== Data ==
= Beginning of Section =

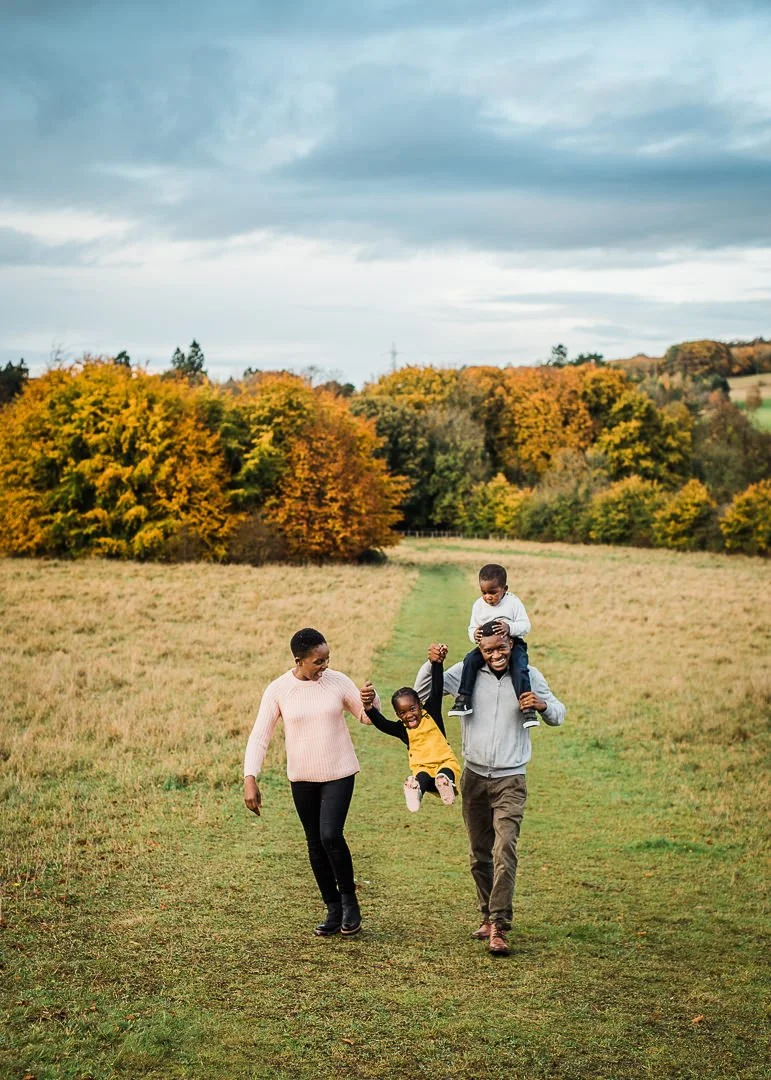 Family of four laughing while walking across a grassy field surrounded by autumnal trees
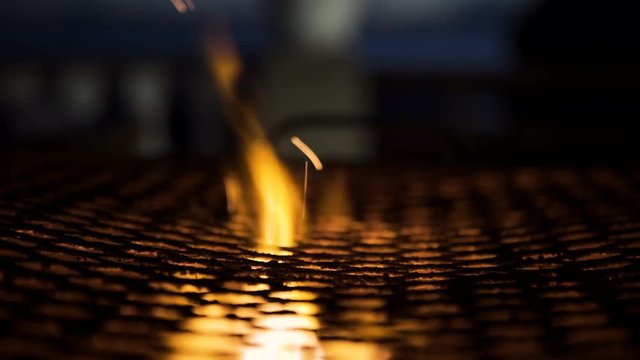  Close up flames flickering on barbecue cooker at beach hotel at night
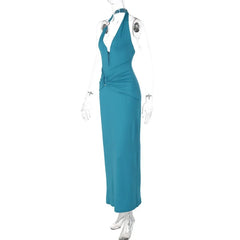 Teal evening gown on a mannequin against a white background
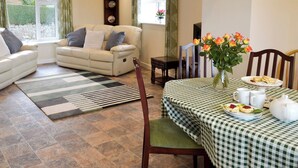 Ein Wohnzimmer mit einer Couch, einem Esstisch mit kariertem Tischläufer und einer Blumenvase.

= End of Section =

== Problem description ==
This task asks for the data above repeated exactly, without a single picture.

== Response for this exercise ==
 Family of four laughing while walking across a grassy field surrounded by autumnal trees
  Close up flames flickering on barbecue cooker at beach hotel at night
 Teal evening gown on a mannequin against a white background
 Ein Wohnzimmer mit einer Couch, einem Esstisch mit kariertem Tischläufer und einer Blumenvase.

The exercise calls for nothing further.